[Caption-style text data]
%%

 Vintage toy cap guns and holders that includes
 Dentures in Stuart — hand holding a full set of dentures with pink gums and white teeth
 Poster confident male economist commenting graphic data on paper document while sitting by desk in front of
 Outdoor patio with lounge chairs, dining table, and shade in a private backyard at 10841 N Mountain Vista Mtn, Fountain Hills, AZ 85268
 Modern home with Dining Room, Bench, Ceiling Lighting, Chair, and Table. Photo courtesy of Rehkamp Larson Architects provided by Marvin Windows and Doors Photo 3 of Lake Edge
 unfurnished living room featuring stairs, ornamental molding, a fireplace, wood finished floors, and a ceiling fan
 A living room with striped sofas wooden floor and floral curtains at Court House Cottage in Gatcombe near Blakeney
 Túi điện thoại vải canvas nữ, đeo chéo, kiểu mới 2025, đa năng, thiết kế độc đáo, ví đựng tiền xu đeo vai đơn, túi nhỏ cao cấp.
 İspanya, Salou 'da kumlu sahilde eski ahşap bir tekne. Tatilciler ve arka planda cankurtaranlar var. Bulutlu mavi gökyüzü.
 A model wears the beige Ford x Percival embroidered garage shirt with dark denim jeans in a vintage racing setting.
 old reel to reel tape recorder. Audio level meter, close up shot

%%
%%

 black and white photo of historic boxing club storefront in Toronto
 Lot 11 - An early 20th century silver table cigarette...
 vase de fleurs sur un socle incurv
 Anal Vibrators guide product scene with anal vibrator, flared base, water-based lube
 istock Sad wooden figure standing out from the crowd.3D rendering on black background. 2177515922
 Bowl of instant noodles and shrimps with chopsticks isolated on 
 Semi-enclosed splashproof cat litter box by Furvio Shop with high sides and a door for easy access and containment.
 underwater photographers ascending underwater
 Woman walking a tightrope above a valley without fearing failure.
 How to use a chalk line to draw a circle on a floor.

%%
%%

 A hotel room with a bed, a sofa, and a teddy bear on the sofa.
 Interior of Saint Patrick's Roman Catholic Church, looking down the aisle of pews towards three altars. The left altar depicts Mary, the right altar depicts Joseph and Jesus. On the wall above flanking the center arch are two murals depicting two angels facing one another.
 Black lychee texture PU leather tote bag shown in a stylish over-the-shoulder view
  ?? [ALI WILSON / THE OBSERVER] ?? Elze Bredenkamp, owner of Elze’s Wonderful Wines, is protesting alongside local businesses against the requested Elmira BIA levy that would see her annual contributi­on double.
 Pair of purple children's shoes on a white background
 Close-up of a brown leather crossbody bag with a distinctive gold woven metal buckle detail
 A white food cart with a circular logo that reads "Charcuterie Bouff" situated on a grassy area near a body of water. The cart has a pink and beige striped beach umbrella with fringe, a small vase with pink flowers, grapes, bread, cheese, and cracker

%%

- _WHAT YOU HAVE TO DO_
Would you print exactly, and only, the lines of the data above from the line with "Poster confident male" through the line with "A living room", inclusive?

- _WRITTEN REPLY_
 Poster confident male economist commenting graphic data on paper document while sitting by desk in front of
 Outdoor patio with lounge chairs, dining table, and shade in a private backyard at 10841 N Mountain Vista Mtn, Fountain Hills, AZ 85268
 Modern home with Dining Room, Bench, Ceiling Lighting, Chair, and Table. Photo courtesy of Rehkamp Larson Architects provided by Marvin Windows and Doors Photo 3 of Lake Edge
 unfurnished living room featuring stairs, ornamental molding, a fireplace, wood finished floors, and a ceiling fan
 A living room with striped sofas wooden floor and floral curtains at Court House Cottage in Gatcombe near Blakeney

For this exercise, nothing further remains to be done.